Transcendental Meditation

I got into a conversation with some folks who've been moving a large sophisticated image processing application to Java. They've been getting great performance numbers, much to the surprise of the C crowd in their shop.

With one exception: code that invokes sin() and cos() heavily is somewhat slower. They asked me why this was happening. I had a pretty good idea, but I checked with Joe Darcy, our local Floating Point God, and he had this to say:

For many years, the JDK on x86 platforms has used the hardware fsin/fcos x87 instructions in the range [-pi/4, pi/4], a range which encompasses about half of all representable floating-point values. Therefore, in that range the performance of the JDK's transcendental functions should be nearly the same as the performance of the transcendental functions in C, C++, etc. that are using those same fsin/fcos instructions. Benchmarks which focus on testing the trig performance of large values, such as almabench, present a skewed portrait of Java's trigonometric performance. The next question is why don't we just use fsin/fcos over the entire floating-point range? The simple answer is that fsin/fcos can deliver answers that are arbitrarily wrong for the most straightforward way of measuring error in the result.

Every finite real number, no matter how large, has a well-defined value for sin/cos. Ideally, the floating-point result returned for sin/cos would be the representable floating-point number closest to the mathematically defined result for the floating-point input. A floating-point library having this property is called correctly rounded, which is equivalent to saying the library has an error bound less than or equal to 1/2 an ulp (unit in the last place). For sin/cos, writing a correctly rounding implementation that runs at a reasonable speed is still something of a research problem so in practice platforms often use a library with a 1 ulp error bound instead, which means either of the floating-point numbers adjacent to the true result can be returned. This is the implementation criteria the Java Math library has to meet. The implementation challenge is that sin/cos are implemented using argument reduction whereby any input is mapped into a corresponding input in the [-pi/4, pi/4] range. Since the period of sin/cos is pi and pi is transcendental, this amounts to having to compute a remainder from the division by a transcendental number, which is non-obvious. A few years after the x87 was designed, people figured out how to do this division as if by an exact value of pi. Instead the x87 fsin/fcos use a particular approximation to pi, which effectively means the period of the function is changed, which can lead to large errors outside [-pi/4, pi/4]. For example the value of sine for the floating-point number Math.PI is around

1.2246467991473532E-16

while the computed value from fsin is

1.2246063538223773E-16

In other words, instead of getting the full 15-17 digit accuracy of double, the returned result is only correct to about 5 decimal digits. In terms of ulps, the error is about 1.64e11 ulps, over *ten billion* ulps. With some effort, I'm confident I could find results with the wrong sign, etc.
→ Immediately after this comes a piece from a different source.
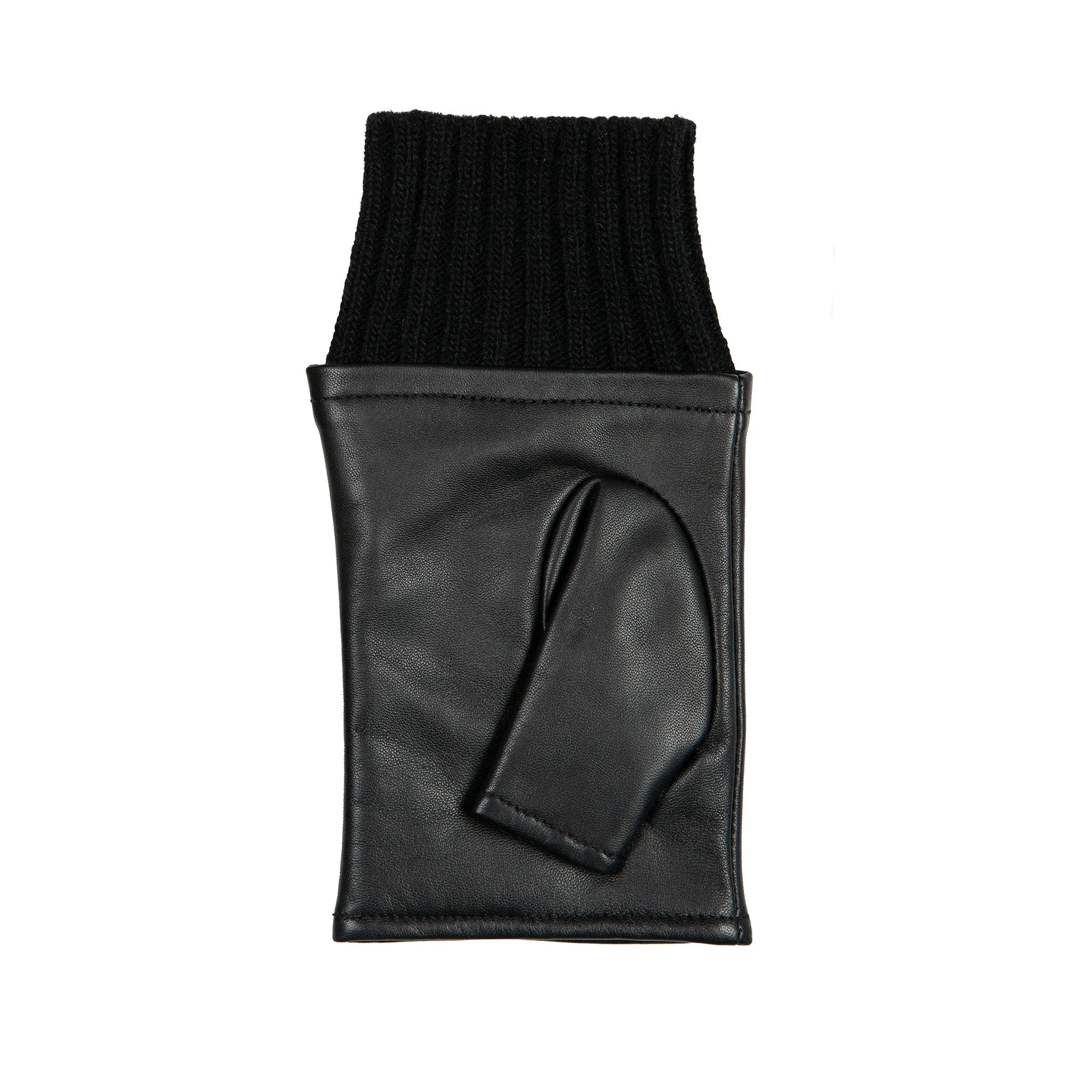 Women’s Fingerless Leather Mittens with Knitted Cuffs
There is a rationale which can justify this behavior; however, it was much more compelling before the argument reduction problem was solved.

This error has tragically become un-fixable because of the compatibility requirements from one generation to the next. The fix for this problem was figured out quite a long time ago. In the excellent paper The K5 transcendental functions by T. Lynch, A. Ahmed, M. Schulte, T. Callaway, and R. Tisdale a technique is described for doing argument reduction as if you had an infinitely precise value for pi. As far as I know, the K5 is the only x86 family CPU that did sin/cos accurately. AMD went back to being bit-for-bit compatibile with the old x87 behavior, assumably because too many applications broke. Oddly enough, this is fixed in Itanium.
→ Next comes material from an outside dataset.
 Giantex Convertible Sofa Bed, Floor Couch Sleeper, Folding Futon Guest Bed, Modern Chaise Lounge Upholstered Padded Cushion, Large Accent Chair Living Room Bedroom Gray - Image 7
What we do in the JVM on x86 is moderately obvious: we range check the argument, and if it's outside the range [-pi/4, pi/4]we do the precise range reduction by hand, and then call fsin.
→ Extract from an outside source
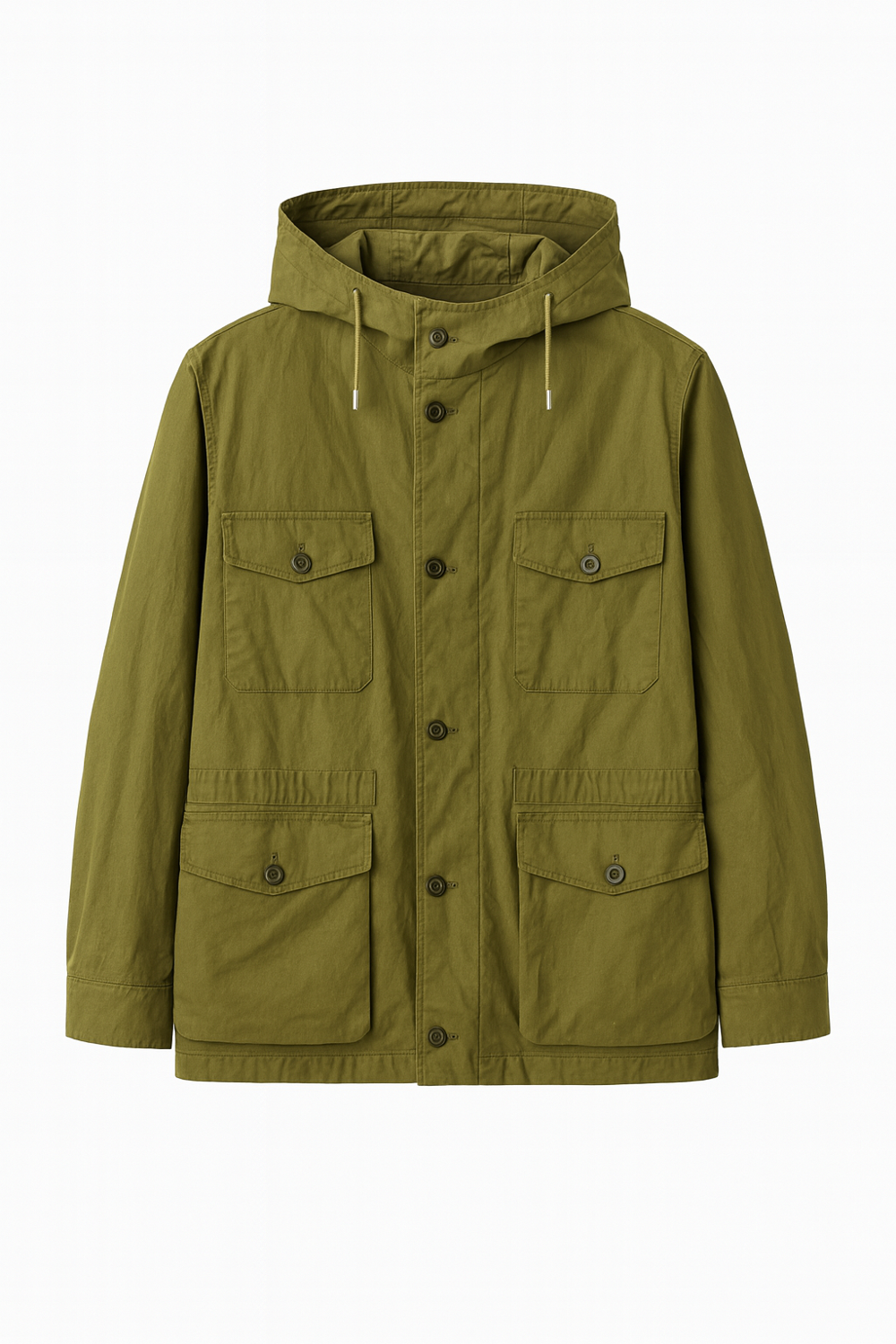 Men's Boglioli Olive Green Hooded Wax Parka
So Java is accurate, but slower. I've never been a fan of "fast, but wrong" when "wrong" is roughly random(). Benchmarks rarely test accuracy. "double sin(double theta) { return 0; }" would be a great benchmark-compatible implementation of sin(). For large values of theta, 0 would be arguably more accurate since the absolute error is never greater than 1. fsin/fcos can have absolute errors as large as 2 (correct answer=1; returned result=-1).

This is one of those area where no matter what we do, we're screwed.

July 27, 2005